Il football protagonista

Il football fu sempre protagonista nella vita dei soldati al fronte, uno degli episodi più celebri che ebbe questo sport come protagonista fu la tregua di Natale. Il giorno della Vigilia di Natale, nelle trincee di Ypres, teatro dei più cruenti combattimenti sul fronte francese, soldati britannici e tedeschi decisero di comune accordo di posare le armi per un giorno, uscire dalle fangose trincee per stringersi la mano, cantare e scambiarsi doni. Fu un evento del tutto spontaneo e inaspettato, come quello di formare due squadre e dar vita ad una vera e propria partita di calcio in quella che era definita la “terra di nessuno”, alla quale parteciparono settanta inglesi contro cinquanta inglese e per la cronaca finì 3 a 2 per i britannici. Non fu l’unico momento in cui il calcio entrò a far parte della vita dei soldati, nei momenti liberi dalla prima linea era consuetudine organizzare spesso partite tra battaglioni, arrivando in breve tempo ad instituire per un breve periodo una vera e propria competizione che venne chiamata “Divisional Cup”. Lo stesso Stato Maggiore che inizialmente vedeva il calcio come una pratica fuorviante per gli impegni

bellici dei soldati, capì che in realtà era il mezzo con cui le truppe potevano svagarsi e sentirsi meno lontani da casa ma anche per infondere coraggio a dei ragazzi ormai logorati da un conflitto che sembrava non volesse mai finire.

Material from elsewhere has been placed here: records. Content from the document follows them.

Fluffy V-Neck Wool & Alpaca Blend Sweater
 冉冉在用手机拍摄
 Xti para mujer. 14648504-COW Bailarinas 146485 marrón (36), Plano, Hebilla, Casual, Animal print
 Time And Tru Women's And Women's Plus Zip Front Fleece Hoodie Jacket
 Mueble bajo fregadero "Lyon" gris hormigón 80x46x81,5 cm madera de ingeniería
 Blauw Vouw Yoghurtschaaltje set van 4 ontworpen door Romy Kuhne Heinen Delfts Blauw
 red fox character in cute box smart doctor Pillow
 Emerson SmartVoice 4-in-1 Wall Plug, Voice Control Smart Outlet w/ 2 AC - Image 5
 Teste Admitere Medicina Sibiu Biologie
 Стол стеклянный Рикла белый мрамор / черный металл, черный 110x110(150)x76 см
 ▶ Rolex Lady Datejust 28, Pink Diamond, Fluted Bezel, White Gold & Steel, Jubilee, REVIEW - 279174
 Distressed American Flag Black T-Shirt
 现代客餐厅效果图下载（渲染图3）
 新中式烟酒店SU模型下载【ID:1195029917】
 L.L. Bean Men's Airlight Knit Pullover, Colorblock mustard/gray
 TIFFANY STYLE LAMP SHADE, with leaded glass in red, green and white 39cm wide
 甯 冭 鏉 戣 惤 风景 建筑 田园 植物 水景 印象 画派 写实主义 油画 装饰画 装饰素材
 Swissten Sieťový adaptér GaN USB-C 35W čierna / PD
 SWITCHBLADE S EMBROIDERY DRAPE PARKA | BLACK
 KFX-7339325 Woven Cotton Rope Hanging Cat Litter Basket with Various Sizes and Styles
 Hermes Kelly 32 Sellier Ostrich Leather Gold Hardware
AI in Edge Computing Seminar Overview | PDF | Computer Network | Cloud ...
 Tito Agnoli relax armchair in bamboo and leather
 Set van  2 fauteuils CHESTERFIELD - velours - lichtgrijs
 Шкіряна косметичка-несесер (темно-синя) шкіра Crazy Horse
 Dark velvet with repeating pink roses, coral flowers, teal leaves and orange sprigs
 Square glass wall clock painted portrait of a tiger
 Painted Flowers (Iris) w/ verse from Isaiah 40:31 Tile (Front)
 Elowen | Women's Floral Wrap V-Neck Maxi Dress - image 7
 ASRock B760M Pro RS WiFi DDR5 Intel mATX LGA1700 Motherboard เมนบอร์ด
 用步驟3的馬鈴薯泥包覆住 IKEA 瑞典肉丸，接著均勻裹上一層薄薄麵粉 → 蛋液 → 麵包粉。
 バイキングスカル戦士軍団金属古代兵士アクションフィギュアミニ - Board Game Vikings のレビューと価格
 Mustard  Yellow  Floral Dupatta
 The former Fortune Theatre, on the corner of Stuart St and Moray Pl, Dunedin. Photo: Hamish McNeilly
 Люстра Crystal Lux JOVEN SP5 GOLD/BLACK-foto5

Nel 1916, in Piccardia sul fronte francese, il capitano Nevill dell’East Surrey Regiment uscì dalla trincea e diede un calcio ad un pallone: fu quello il segnale d’attacco per il suo battaglione in una delle battaglie peggiori per l’esercito britannico, in cui persero la vita più di 55.000 uomini. Lo stesso Nevill rimase ucciso durante l’assalto ma quell’episodio divenne ben presto celebre. Le ricerche storiche condotte gli anni successivi hanno rivelato che il capitano avesse realmente acquistato quattro palloni nel suo ultimo congedo a Londra, i quali furono prontamente recuperati al termine della battaglia e tuttora vengono conservati al National Army Museum e al e al Queen's Regiment Museum Howe Barracks di Canterbury. La sua passione per il football riportò il capitano Nevill, in un impeto nostalgico, con la mente ad una delle tante partite del sabato pomeriggio, facendo assaporare ai suoi uomini per un istante la normalità, infondendo loro il coraggio necessario per intraprendere l’ennesimo assalto. In fondo, sapeva fin troppo bene che in questa partita il fischio finale sarebbe stato quello della morte.